Sehr beeindruckt hat mich auch Schwester Hubertine Babe. Sie ist für die Ausbildung der einheimischen Schwestern ihrer Ordensgemeinschaft verantwortlich. Hier tut sich was: von einem europäisch geprägten Konvent hin zu einem Orden mit einheimischen Gesicht. Schwester Hubertine erzählte mir, wie ihre Schwestern sehen lernen, was vor Ort wichtig ist : „Wir legen sowohl Wert auf die spirituelle als auch auf die praktisch orientierte Ausbildung, denn unsere Schwestern sind nicht nur Schwestern, sondern auch Hebammen, Rechtsanwälte und Lehrerinnen.“ Das Spirituelle und das Praktische: das schließt sich nicht aus. Immer wieder geht es in der Ausbildung darum, den jungen Menschen dabei zu helfen, sich selbst und damit auch Gott zu entdecken. Denn davon ist Schwester Hubertine zutiefst überzeugt: „Ohne Gott geht gar nichts.“

Ich bin sehr dankbar dafür, dass unsere Gäste aus Papua-Neuguinea in den vergangenen Wochen hier bei uns in Deutschland waren. Sie haben von ihrer Arbeit erzählt, von den Herausforderungen der Lebenswirklichkeit in dem uns doch sehr fernen Inselstaat.

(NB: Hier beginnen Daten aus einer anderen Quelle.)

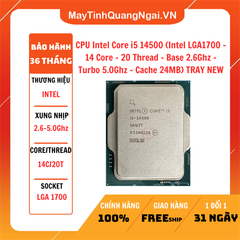 CPU Intel Core i5 14500 (Intel LGA1700 - 14 Core - 20 Thread - Base 2.6Ghz - Turbo 5.0Ghz - Cache 24MB) TRAY NEW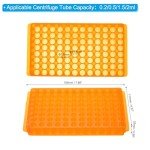 PATIKIL 96-Well Double Panel Tube Rack - Orange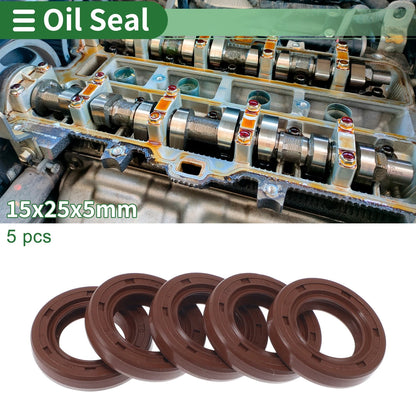 Oil Seal 15x25x5mm FKM Rubber Shaft Seal Brown 5 Pcs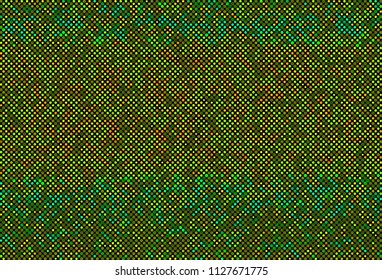 Background with bright dots, circles. Abstract sequins, rhinestones, glitter background. Perforated surface. Shining texture. Vector illustration. Different shades of green yellow color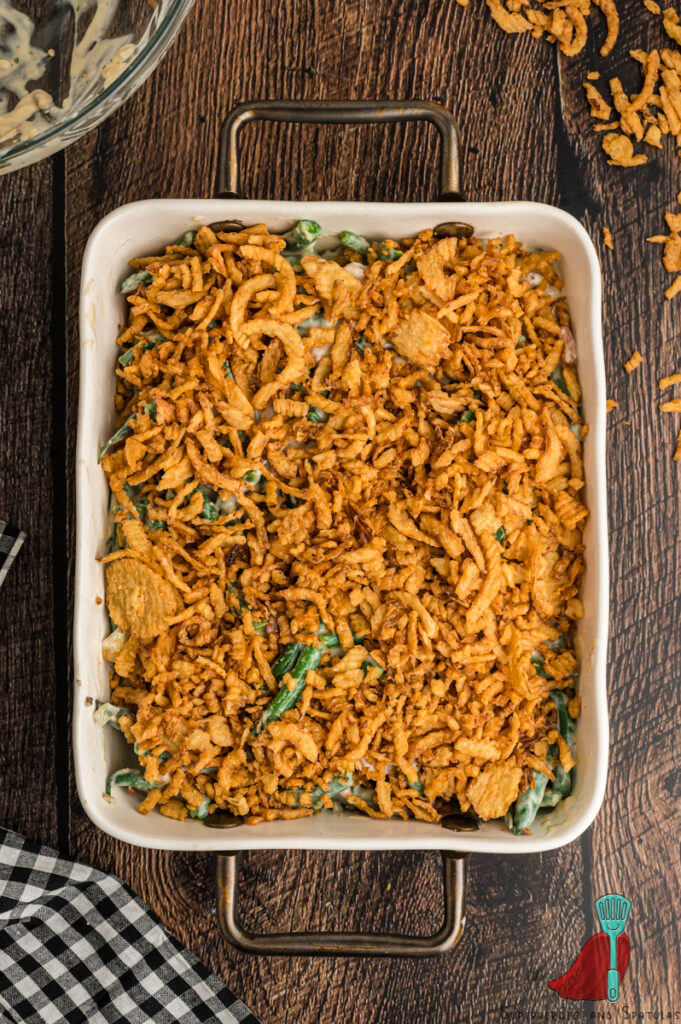 green bean casserole topped with crispy fried onions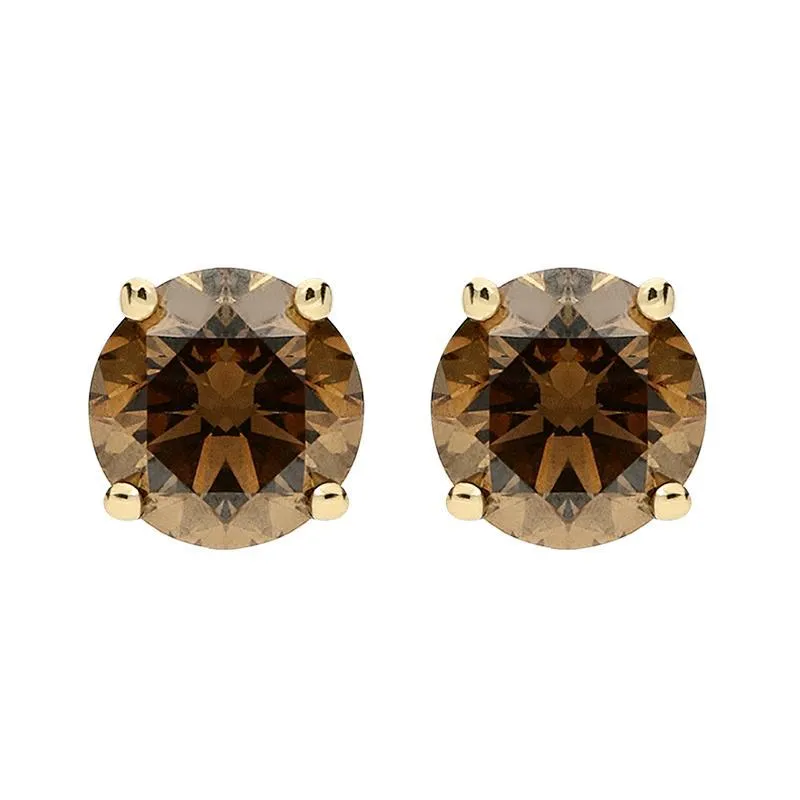 Hans D. Krieger 18ct Rose Gold 0.80ct Brown Diamond Stud Earrings D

Sie sind für mich wahre Glaubenszeugen.

Morgen, liebe Hörerinnen und Hörer, feiert die katholische Kirche den Sonntag der Weltmission. Mit der Kollekte, die in den Gottesdiensten eingesammelt wird, unterstützt missio die Arbeit dieser Menschen: nicht nur in Papu-Neuguinea, sondern in ganz Afrika, Asien und Ozeanien. Denn auch Glaubenszeugen brauchen Menschen, die ihnen Mut machen, die ihnen den Rücken stärken, die sie unterstützen und ihren Dienst mittragen.

Einen guten Sonntag wünscht Ihnen Prälat Klaus Krämer von missio Aachen.